A última notícia bombástica do mercado de arte foi a venda, por mais de setecentos mil dólares, de obras das brasileiras Beatriz Milhazes e Adriana Varejão, em leilão de arte latinoamericana realizada em Nova Iorque. De tempos em tempos notícias assim estremecem a pasmaceira dos jornais, em relação às artes plásticas, e criam no mercado um clima de euforia semelhante à das bolsas de valores, quando dão aqueles saltos.

Francamente, não estou afirmando que há alguma tramóia na origem dessa surpreendente valorização, mas senti uma ferroada atrás da orelha quando li a notícia. Não é segredo que se pratica no mercado certa metodologia feita sob medida para catapultar preços de artistas através de leilões, principalmente quando estes acontecem no exterior. Dada a nossa condição de subserviência também em matéria de cultura, esses súbitos recordes caem como raios por aqui e provocam transfusões de vultosas quantias do bolso dos afobados para o do time organizado. Explico: quando o proprietário de uma obra a coloca em leilões internacionais, no caso da venda se realizar, é pago um percentual (em geral 20%) para a empresa vendedora . Isso quer dizer o seguinte: é perfeitamente possível alguém colocar um trabalho nessas operadoras e ele mesmo comprá-la, utilizando um laranja. Isso lhe custará uma quantia que, logicamente, é perdida. Mas em compensação toda a obra desse artista ganha uma justificativa e um impulso de valorização próximo dos números supostamente alcançados. É o maior tititi.

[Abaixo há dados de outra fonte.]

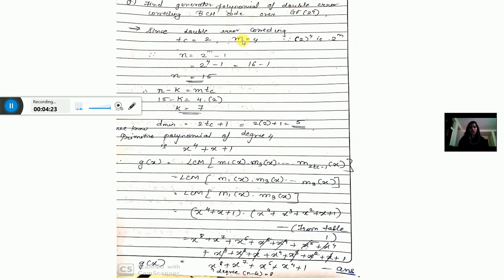Using N = 2^M - 1, find the value of N. Then find K using N - K = M·T_C. Find D_min = 2·T_C + 1 = 2×2 + 1 = 5. So calculate T_C, M, N, K, and D_min. The primitive polynomial for degree 4, according to the table, is x^4 + x + 1.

Esse truque já alterou o mercado e valorizou muita gente por aqui, colocando um ou mais zeros em seus preços praticados anteriormente. Ora, corre no mercado a versão de que essas duas boas artistas brasileiras hoje são apadrinhadas por um pool de investidores (marchands e jogadores financeiros) bastante “comprados” que atuam em grupo para valorizar os seus ativos. Por um lado, perderiam com essa venda algo em torno de 150 mil dólares, por cada artista. Por outro, oficialmente, triplicaram o valor das obras dessas artistas que estão em seu poder, desencadeando uma bela plus valia no videogame dos cifrões.

English

Do we really believe Milhazez and Varejão are worth this much?

The last mega news to shake the art market was the sale for a mere seven hundred thousand dollars of the works of Brazilian artists Beatriz Milhazes and Adriana Varejão at an auction of Latin American art in New York City. Once in a while news like this still rattle the otherwise bored media in the world of fine arts and create euphoric market climates similar to the ones created by stock market spikes.

Honestly, I am not implying there is anything wrong with this amazing value added trend but I felt uneasy when I read the news. It is no big secret the method and the practice tailor made to jetsam an artist’s value through auctions, particularly when it happens in markets outside your own country.  And given our predilection to servitude, herein included cultural servitude, the sudden spikes strike like lightening causing massive cash transfers from the pockets of the hasty ones to the pockets of the organized ones.

And I explain: when the owner of an art work places it at an international auction a percentage (usually of 20%) is paid to the selling agent. Which means it is perfectly possible for someone to place a work with one of the selling houses and buy it back through a surrogate buyer. This will cost a percentage fee, of course. On the other hand that artist’s work gains a momentum and his work may fetch the value originally suggested. It is a great commotion…

This trick has already changed markets and valorized many around here placing one or more zeros to initial offering prices. Alas, there is market rumor circulating that says these two good Brazilian artists have godparents in a pool of “sold out” investors that include marchands and financial dealers – and that they act as a team to enhance their own portfolios.  On one hand they may lose around US$150 thousand for each artist with each sale.  On the other hand, however, they quite officially triple the value of the works of these artists they may own – unchaining a beautiful value added momentum to the videogame of numbers.